Girl, 9, who pulled trigger also a victim in Arizona shooting range death
Sydney Morning Herald
Date: August 28 2014
Nick O’Malley
There were two immediate victims of the shooting at the Bullets and Burgers gun range in Arizona on Tuesday. One, most terribly, was the 39-year-old instructor Charles Vacca who lost his life.
The other was the 9-year-old girl from New Jersey who accidently shot him dead with a sub-machinegun as her parents watched on with a video camera.
According to witnesses the girl had mastered the Uzi on a single shot setting, but when it was flicked over into its fully automatic mode she “lost control but not possession” of the weapon. As one report put it, the gun pulled up and to the left, and Mr Vacca was shot in the head.
The gun range operator, Sam Scarmado, said afterwards, “I have regret we let this child shoot, and I have regret that Charlie was killed in the incident.”
In a nation so steeped in gun violence that even mass killings have lost the power to surprise, this shooting has left people shocked.
There have been other high-profile deaths at gun ranges in recent years.
Another child, eight-year-old Christopher Bizilj, accidently shot himself in the head with an Uzi at a gun range under his father’s supervision in 2011. It was reported that a staff member had twice suggested to Christopher’s father that the gun was too powerful for the boy.
The former Navy Seal sniper known for claiming a record number of kills in combat, Chris Kyle, was shot dead at a range by a veteran he had taken under his wing in February last year.

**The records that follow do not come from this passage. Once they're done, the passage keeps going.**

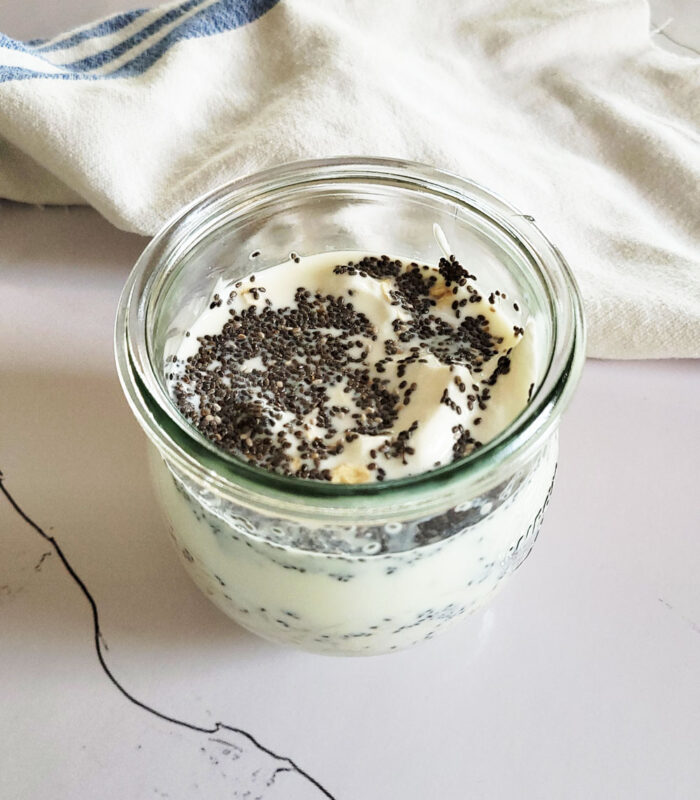 how to make goji berry and pineapple overnight oats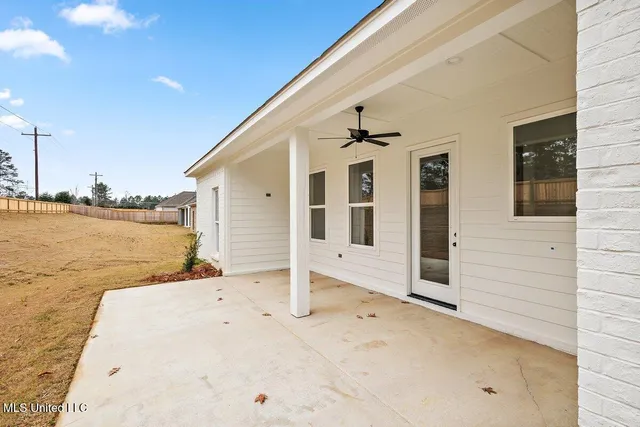 $385,000 | 209 Lake Crest Drive, Madison, MS 39110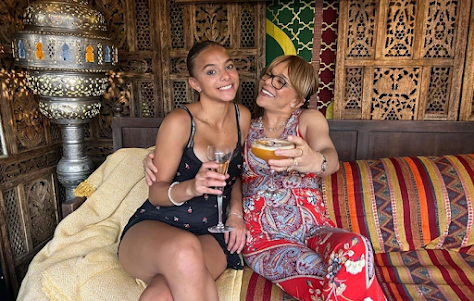 sygklonizei-i-mana-poy-echase-xafnika-tin-kori-tis-moy-eipe-xereis-mama-s-agapo-syggnomi-antio-kai-katerreyse-stin-agkalia-moy-401470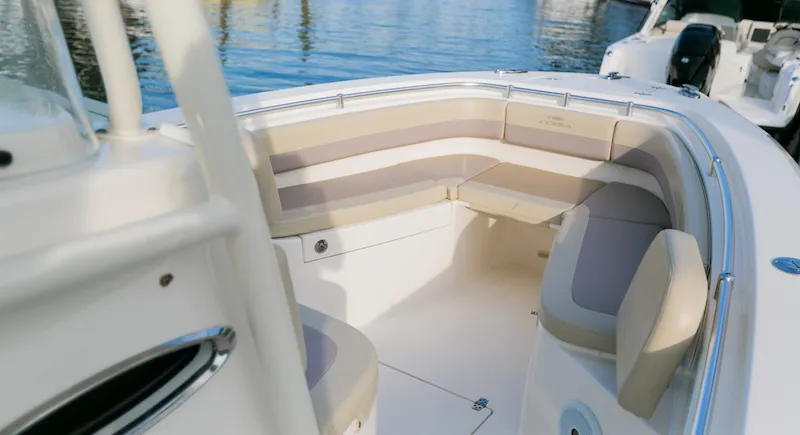 26′ COBIA CENTER CONSOLE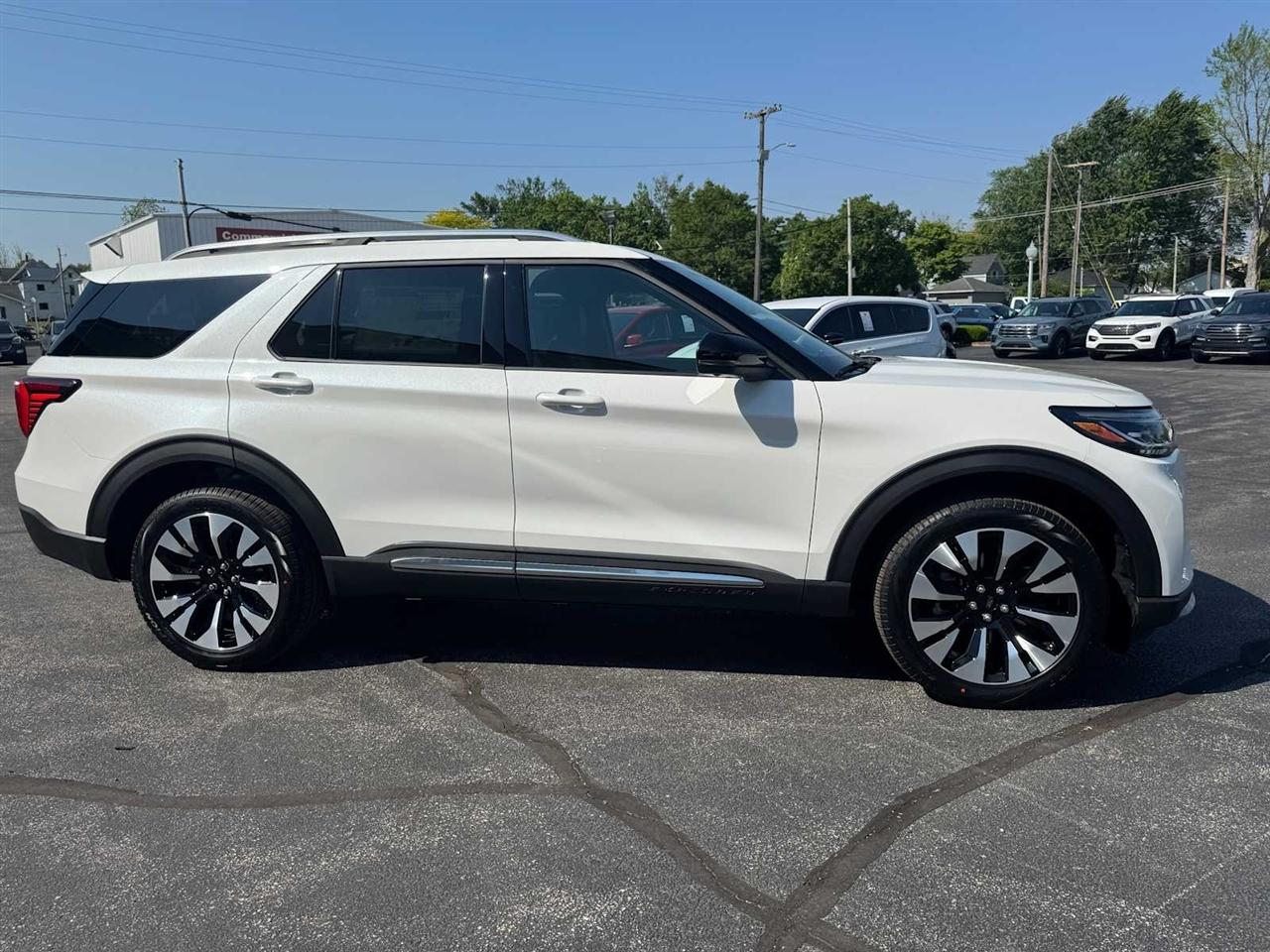 Ford Explorer Platinum 4WD 2026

Despite these incidents, shooting ranges tend to be relatively safe places. Across the country they are often marketed as venues for family outings. It is not uncommon for children as young as five to be allowed to shoot .22s.
Indeed another family from New Jersey has been moved to come out to media to say that their nine-year-old daughter, Shyanne Roberts, a well known competition shooter, is not the girl at the centre of this tragedy.
But sub-machineguns are dangerous things that perhaps should not be in the hands of nine-year-olds, even under close supervision.
Accidental shootings of adults by children are rare but not unheard of in the US. A recent report on gun deaths by the gun control group Everytown For Gun Safety detailed three recent incidents, though none fit these circumstances.
In April last year the Tennessee Deputy Sherriff Daniel Fanning had some friends over for a barbecue and was showing off his gun collection in the bedroom when his four-year-old nephew wandered in, picked up a loaded gun and accidentally shot dead the lawman’s wife.
Justin Stanfield Thomas was not long back from a deployment to Iraq in June last year when his curious four-year-old boy picked up a loaded hand gun, asked him what it was and shot his father in the head.
Thomas died and his son later told investigators, “Daddy got blood on him.”
The following month 33-year-old Michael Bayless was shot dead by his three-year-old, who had found a loaded .45 as the family was watching television.
The Everytown for Gun Safety report makes a strong case for tougher regulations on safe gun storage and the adoption of smart technologies to prevent accidental discharges.
But given the circumstances of this case, it appears none of those measures would have made any difference. The girl did not mean to shoot her instructor with a sub-machinegun, but she did mean to pull the trigger. That is what the family was there for.